Na semana passada, a Justiça dos Estados Unidos divulgou mais de 3 milhões de documentos referentes ao caso do empresário Jeffrey Epstein. Nesta nova e volumosa leva de arquivos, o nome do ex-presidente Bill Clinton ganha destaque, especialmente em registros posteriores ao fim de seu mandato na Casa Branca.
A divulgação desses documentos ocorre em um momento crítico para o casal Bill e Hillary Clinton. Ambos enfrentam uma votação na Câmara dos Representantes, que decidirá se serão condenados por desacato ao Congresso.
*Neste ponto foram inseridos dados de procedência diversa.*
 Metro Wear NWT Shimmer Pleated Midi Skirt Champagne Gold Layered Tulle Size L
A acusação surgiu após o casal rejeitar uma intimação para depor em uma investigação bipartidária sobre o caso Epstein.
Ligação com Epstein
De acordo com informações repercutidas pelo jornal O Globo, entre as mais de 3 milhões de páginas divulgadas, surgiram novas fotos de Bill Clinton ao lado de Jeffrey Epstein. Um dos arquivos contém a imagem do ex-presidente sem camisa em uma banheira de hidromassagem, acompanhado de uma pessoa que aparece censurada na foto.
Segundo informações da rede CNN, um funcionário do Departamento de Justiça teria revelado que a pessoa em questão seria uma das vítimas de abuso sexual de Epstein.
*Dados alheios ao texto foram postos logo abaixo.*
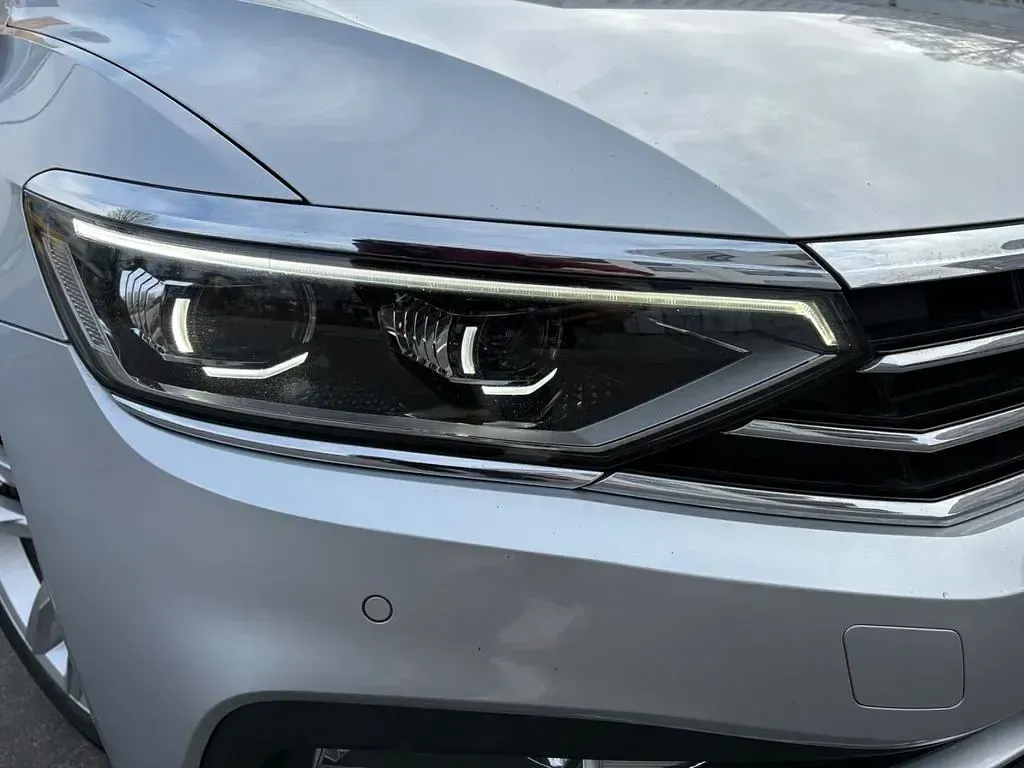 Gebraucht VW Passat Highline 272 PS (200 kW) 2020 Silber Kombi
Além das diversas imagens, foram encontradas trocas de e-mails, entre 2001 e 2004, envolvendo membros da equipe de Clinton e Ghislaine Maxwell, ex-parceira de Epstein que atualmente cumpre pena por tráfico sexual. O ponto mais relevante é que essas mensagens coincidem com o período em que Clinton realizou diversas viagens no avião particular de Epstein. Ainda segundo apurações da CNN, o ex-presidente teria utilizado a aeronave ao menos 16 vezes.
Mensagens cifradas
Nos e-mails interceptados, os funcionários da equipe de Clinton aparecem ocultados sob a sigla “WJC”, uma referência ao escritório de William J. Clinton após a Presidência.
Embora as mensagens tratem majoritariamente de logística, como jantares e convites para o ex-presidente, algumas comunicações de Maxwell adotavam um tom pessoal e insinuante. Em um dos registros, ela chega a comentar com um assessor sobre a aparência física de Clinton e o interesse que nutria por ele.
Defesa e o risco jurídico
Apesar do teor das mensagens, não há evidências diretas de que Bill Clinton tenha trocado e-mails pessoalmente com Maxwell. O porta-voz do ex-presidente, Angel Ureña, negou qualquer autoria de Clinton nas mensagens, reforçando que ele “nunca possuiu ou compartilhou um dispositivo, ou conta de e-mail” e que só utilizou o meio digital duas vezes em toda a sua vida, ambas durante o período em que ocupava a Casa Branca.
Os documentos, no entanto, reforçam que Ghislaine Maxwell continuou frequentando círculos próximos ao ex-presidente mesmo anos após as primeiras acusações públicas de abuso contra ela surgirem, em 2009. Agora, o Congresso americano avalia se a recusa do casal Clinton em prestar esclarecimentos oficiais resultará em punições criminais por desacato.